Provided entries
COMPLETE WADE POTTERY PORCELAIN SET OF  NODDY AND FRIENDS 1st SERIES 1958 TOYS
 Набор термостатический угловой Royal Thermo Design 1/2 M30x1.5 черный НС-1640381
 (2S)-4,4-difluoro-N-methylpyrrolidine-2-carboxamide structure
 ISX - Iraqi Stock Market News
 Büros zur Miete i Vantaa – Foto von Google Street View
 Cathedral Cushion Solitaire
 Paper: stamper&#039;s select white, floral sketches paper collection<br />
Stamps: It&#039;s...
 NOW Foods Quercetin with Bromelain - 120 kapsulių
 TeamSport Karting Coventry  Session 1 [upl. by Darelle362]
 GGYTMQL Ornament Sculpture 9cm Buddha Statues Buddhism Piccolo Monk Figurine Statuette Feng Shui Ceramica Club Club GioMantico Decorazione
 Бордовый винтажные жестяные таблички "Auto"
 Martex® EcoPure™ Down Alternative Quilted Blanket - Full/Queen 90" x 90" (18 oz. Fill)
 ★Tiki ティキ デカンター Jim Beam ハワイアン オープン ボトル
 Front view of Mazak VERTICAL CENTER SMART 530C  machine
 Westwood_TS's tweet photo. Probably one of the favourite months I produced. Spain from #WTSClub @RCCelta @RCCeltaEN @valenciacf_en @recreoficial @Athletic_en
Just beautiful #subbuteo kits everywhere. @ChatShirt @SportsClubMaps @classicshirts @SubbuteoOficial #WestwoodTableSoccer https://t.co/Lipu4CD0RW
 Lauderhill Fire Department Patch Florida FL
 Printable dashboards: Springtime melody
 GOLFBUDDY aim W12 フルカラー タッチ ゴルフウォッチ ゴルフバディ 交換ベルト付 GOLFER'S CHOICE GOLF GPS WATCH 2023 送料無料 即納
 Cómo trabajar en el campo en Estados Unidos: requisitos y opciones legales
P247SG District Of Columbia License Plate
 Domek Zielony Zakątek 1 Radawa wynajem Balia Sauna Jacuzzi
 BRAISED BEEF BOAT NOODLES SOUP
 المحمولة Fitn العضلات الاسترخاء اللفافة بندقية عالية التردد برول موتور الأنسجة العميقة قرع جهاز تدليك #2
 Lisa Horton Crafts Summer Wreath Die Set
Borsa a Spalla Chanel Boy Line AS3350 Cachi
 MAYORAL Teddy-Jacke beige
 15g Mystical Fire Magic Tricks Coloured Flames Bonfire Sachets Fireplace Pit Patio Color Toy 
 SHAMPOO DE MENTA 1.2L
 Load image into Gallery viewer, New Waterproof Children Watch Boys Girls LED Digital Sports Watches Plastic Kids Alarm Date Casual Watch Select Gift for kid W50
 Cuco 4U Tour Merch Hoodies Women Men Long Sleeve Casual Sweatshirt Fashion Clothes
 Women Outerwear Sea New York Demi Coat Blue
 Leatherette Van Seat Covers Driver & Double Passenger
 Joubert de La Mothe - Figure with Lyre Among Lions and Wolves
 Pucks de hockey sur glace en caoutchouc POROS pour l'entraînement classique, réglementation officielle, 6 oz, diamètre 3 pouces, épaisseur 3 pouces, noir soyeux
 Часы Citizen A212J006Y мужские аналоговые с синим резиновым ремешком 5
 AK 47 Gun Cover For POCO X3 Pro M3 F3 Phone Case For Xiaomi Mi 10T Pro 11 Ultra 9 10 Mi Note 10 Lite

Prompt
The required output is the stretch of entries above from the line containing "GGYTMQL Ornament Sculpture" through the line containing "Front view of", reproduced exactly.

Exercise result
 GGYTMQL Ornament Sculpture 9cm Buddha Statues Buddhism Piccolo Monk Figurine Statuette Feng Shui Ceramica Club Club GioMantico Decorazione
 Бордовый винтажные жестяные таблички "Auto"
 Martex® EcoPure™ Down Alternative Quilted Blanket - Full/Queen 90" x 90" (18 oz. Fill)
 ★Tiki ティキ デカンター Jim Beam ハワイアン オープン ボトル
 Front view of Mazak VERTICAL CENTER SMART 530C  machine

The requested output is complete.